Segundo Dipp, “os reflexos e as decorrências desse acordo interessam apenas ao Ministério Público, e não vinculam mais ninguém. Até mesmo o TCU pode dizer que foi devolvido muito pouco dinheiro, por exemplo”.

O procurador Paulo Galvão não discorda das conclusões de Dipp. Por e-mail, disse que “o MPF transaciona apenas as penalidades que lhe competiriam pleitear em juízo — no caso, as penalidades da lei de improbidade administrativa”. “Para tanto, o MPF leva em consideração a existência de interesse público na assinatura de um acordo, tendo em vista o potencial de ampliação das investigações e a relevância do ressarcimento ao erário.”

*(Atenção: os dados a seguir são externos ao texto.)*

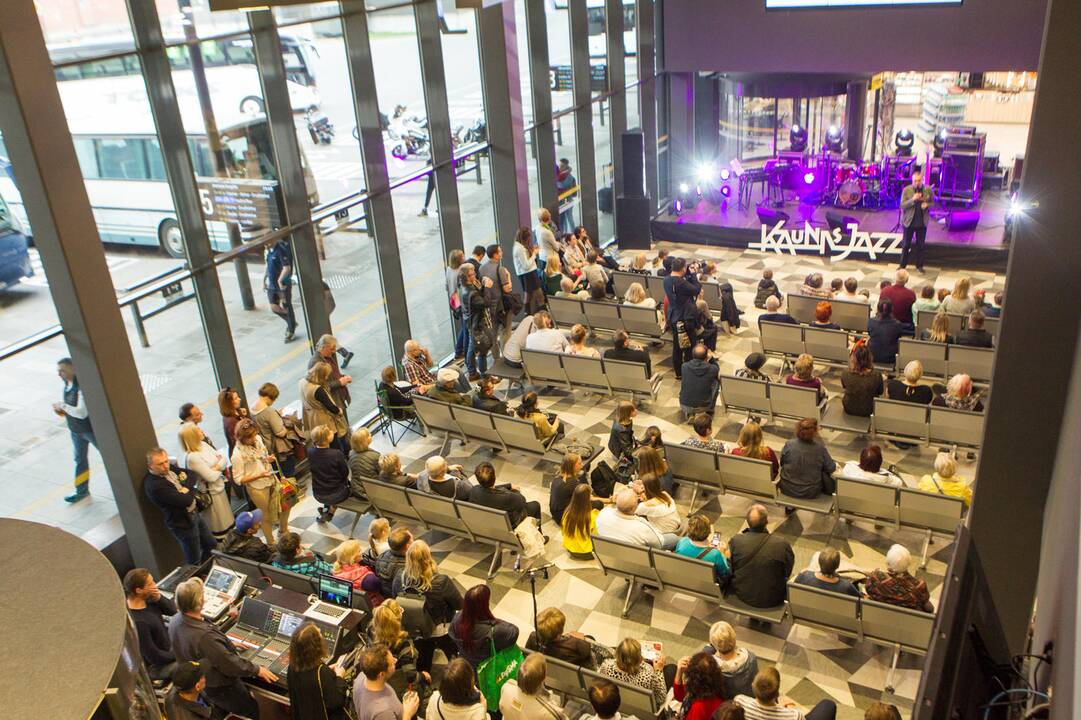 "Kaunas Jazz" koncertas autobusų stotyje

Só que a competência de avaliar o dano ao erário também é do TCU e da própria União, reclama Dipp. Para ele, o MPF deveria ter chamado a CGU para participar das negociações. “O problema é que os órgãos estatais, especialmente os do Legislativo, mas incluo os do Executivo e até mesmo alguns do Judiciário, estão anestesiados por procedimentos louváveis do MPF, mas questionáveis do ponto de vista legal e constitucional.”